2b. define a way of stacking different scanners (being able to define what to do if each scanner says "yes", "no", "I don't know", "the file changed under me", and "the file changed under me, but I think I found a problem", and what to do with the combination of different answers).

it may be that something resembling the way that pam works would be suitable.

3. modify knfsd so that it does the on access checks that the userspace library could do for #2 and calls out to the master scanning logic.

this is new since the last time I wrote up the proposal (the first message in this thread), and is definantly more work, but in thinking about it I am starting to think that if the userspace solution is a good fit for everything but static binaries and knfsd, then the answer is to modify knfsd and say that the sysadmin/distro is responsible for making the static binaries compiled against the right libraries

when programs get ready to start scanning they can set a tag 'app-scanning' when they complete the scan they can use the atomic op to say "if the tag 'app-scanning' is set, clear it and set the tag 'app-scanned-gen1234'" (if 'app-scanning' is not set then the file was dirtied after the scan started)

if a program is running as part of an on-access scan it would then return it's opinion of the file.

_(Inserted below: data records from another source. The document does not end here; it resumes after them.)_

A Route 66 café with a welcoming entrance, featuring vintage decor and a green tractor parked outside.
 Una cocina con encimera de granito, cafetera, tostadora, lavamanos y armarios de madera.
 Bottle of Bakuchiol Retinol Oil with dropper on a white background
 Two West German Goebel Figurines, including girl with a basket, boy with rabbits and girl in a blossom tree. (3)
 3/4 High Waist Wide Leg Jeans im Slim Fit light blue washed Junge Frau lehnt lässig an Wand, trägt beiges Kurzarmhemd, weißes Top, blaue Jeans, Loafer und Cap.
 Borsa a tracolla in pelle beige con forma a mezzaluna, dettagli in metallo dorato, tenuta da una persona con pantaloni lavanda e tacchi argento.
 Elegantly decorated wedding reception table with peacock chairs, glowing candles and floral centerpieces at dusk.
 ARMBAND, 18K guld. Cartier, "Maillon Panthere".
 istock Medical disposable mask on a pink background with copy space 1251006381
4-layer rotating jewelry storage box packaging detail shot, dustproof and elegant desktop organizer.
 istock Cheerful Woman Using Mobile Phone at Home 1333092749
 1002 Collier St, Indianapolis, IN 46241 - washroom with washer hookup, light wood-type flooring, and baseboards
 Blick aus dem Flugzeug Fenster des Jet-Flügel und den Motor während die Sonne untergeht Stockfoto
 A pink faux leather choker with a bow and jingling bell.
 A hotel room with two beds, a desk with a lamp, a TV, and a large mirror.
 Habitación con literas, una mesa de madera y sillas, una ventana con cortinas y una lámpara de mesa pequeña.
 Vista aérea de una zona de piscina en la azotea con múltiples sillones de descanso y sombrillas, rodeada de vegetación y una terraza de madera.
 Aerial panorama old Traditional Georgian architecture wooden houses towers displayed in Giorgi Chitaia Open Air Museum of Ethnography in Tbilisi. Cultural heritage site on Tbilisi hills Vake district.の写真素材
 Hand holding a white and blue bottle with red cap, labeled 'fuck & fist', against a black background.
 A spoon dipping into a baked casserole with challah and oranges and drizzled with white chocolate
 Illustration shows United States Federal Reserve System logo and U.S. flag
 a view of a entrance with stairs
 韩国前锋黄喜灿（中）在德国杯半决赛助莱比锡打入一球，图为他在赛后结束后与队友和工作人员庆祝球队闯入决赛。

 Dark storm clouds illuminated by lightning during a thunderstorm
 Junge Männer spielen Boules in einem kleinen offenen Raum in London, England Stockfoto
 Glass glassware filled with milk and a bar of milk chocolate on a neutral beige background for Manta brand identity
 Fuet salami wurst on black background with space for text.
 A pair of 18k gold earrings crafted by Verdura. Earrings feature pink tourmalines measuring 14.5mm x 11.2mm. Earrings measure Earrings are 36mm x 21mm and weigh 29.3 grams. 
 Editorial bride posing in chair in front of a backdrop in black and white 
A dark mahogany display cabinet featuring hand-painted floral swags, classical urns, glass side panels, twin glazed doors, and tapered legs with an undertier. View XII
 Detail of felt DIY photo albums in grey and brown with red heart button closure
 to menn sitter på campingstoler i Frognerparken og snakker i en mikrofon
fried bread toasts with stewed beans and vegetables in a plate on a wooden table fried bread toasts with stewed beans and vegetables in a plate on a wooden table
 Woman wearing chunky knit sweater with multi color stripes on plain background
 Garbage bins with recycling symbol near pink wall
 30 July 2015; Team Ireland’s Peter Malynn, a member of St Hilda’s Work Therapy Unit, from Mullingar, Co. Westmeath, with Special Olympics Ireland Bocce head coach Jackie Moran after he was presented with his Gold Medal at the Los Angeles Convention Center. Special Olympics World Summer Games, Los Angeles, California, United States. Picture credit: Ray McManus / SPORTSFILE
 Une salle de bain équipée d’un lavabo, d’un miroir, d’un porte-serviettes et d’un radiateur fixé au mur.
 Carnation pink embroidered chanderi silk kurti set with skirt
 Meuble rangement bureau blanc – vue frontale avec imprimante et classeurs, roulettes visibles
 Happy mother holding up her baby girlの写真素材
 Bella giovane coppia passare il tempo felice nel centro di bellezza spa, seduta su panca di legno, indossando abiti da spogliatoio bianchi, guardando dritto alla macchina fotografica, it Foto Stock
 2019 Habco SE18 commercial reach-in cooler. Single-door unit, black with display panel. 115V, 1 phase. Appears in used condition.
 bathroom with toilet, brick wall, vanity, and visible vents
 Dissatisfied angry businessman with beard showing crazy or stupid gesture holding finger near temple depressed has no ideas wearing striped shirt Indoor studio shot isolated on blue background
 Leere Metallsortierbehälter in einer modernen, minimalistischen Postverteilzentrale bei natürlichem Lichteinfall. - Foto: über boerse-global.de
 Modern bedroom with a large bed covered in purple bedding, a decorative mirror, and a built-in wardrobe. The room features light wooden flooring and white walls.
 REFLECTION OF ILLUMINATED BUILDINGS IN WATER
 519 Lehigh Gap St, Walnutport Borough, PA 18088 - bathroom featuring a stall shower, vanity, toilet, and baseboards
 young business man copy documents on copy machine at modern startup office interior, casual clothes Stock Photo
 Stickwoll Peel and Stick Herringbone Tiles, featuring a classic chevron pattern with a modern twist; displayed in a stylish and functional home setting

it would be up to the master software (2b) to decide what to do if the scanners disagree, no scanner voices an opinion, or if a scanner reports the file changed while it was scanning it (it may want to kick off the scan immediatly, it may want to wait, it may want to limit the number of times it tries to scan a file and then either just allow or deny the access (all these thing are policy decisions)


I'm not saying that xattr is the only way to store the info, it just seems
like a convienient place to store them without having to create a
completely new API or changing anything in on-disk formats.

And I saying we don't actually need any of this

I know, this is the core of our disagreement.

and if it is actually
needed by someone in the real world they can easily build their own
solution on top of my generic interface.

most stuff could be, but I don't think everything could.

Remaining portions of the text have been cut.